Nucleus sampling, also called top-p sampling, is a way of choosing the next token that balances variety against coherence. It comes from the 2020 paper “The Curious Case of Neural Text Degeneration” by Holtzman, Buys, Du, Forbes, and Choi, which started from a puzzle: maximizing likelihood, as beam search does, produced text the authors found “bland and strangely repetitive,” while naively sampling from the full distribution occasionally picked a bizarre low-probability token and derailed the text. Their fix was to sample only from what they called the dynamic nucleus - “the smallest set of tokens whose cumulative probability reaches a threshold (p).”

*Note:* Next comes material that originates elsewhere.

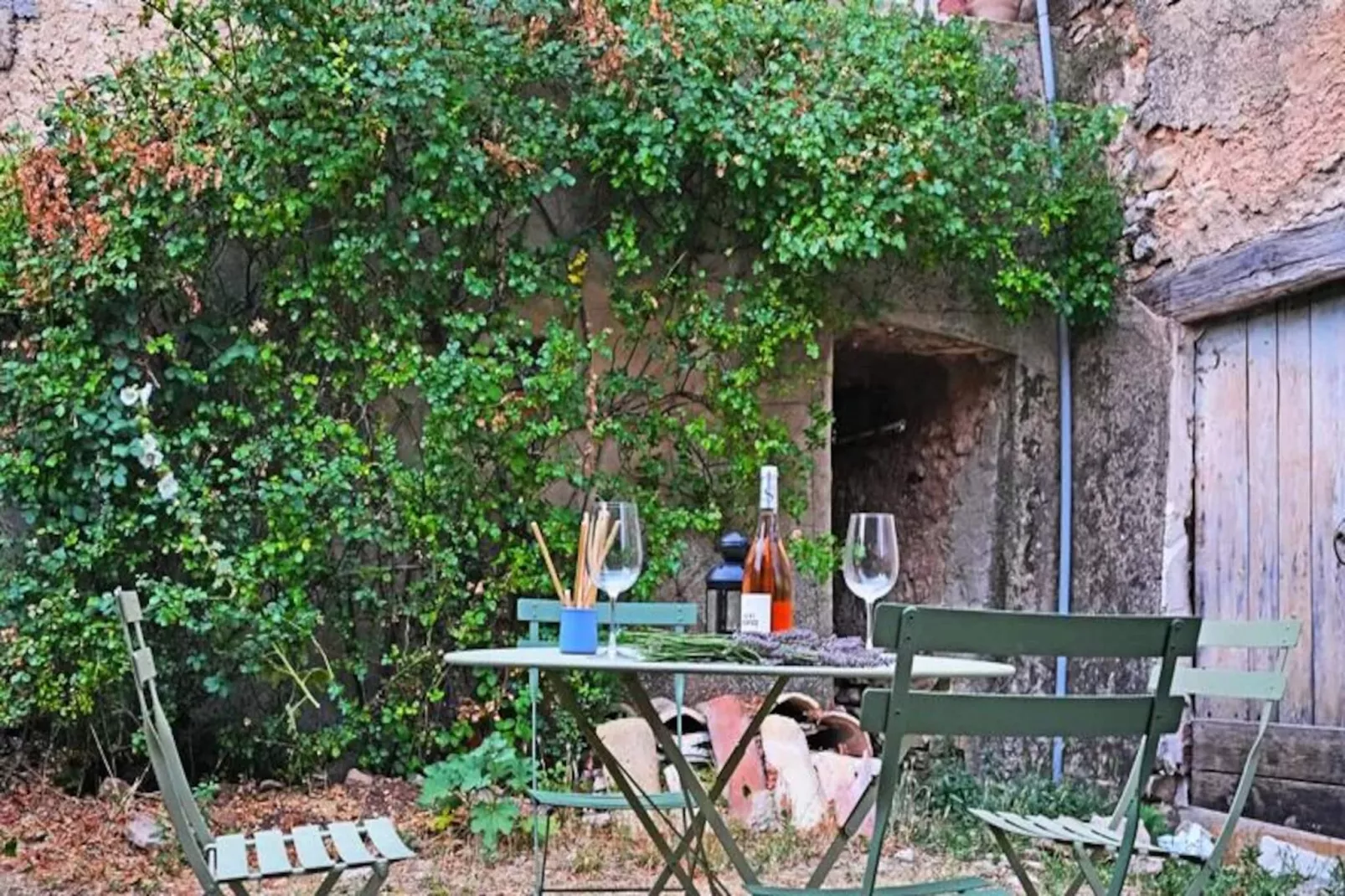 Mas La Miellerie | Charme Authentique Et Nature-Image-tags.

In practice, at each step the candidate tokens are sorted by probability and the model keeps adding them to the pool until their probabilities sum to p (say 0.9), then samples from just that pool. The size of the pool changes from step to step: when the model is confident, the nucleus might hold only a token or two; when many continuations are reasonable, it widens. This adapts better than top-k sampling, which always keeps a fixed number of candidates regardless of how peaked or flat the distribution is.
Nucleus sampling is often combined with a temperature setting, which sharpens or flattens the distribution before sampling. Together, top-p and temperature are the dials most chat and writing tools expose to trade off predictability against creativity.
Why business readers should care: top-p and temperature are the knobs that make an AI’s output more focused or more freewheeling. Understanding that lower settings favor safe, repeatable answers and higher ones favor variety - at some risk of stranger output - is directly useful when tuning a product’s tone or reliability.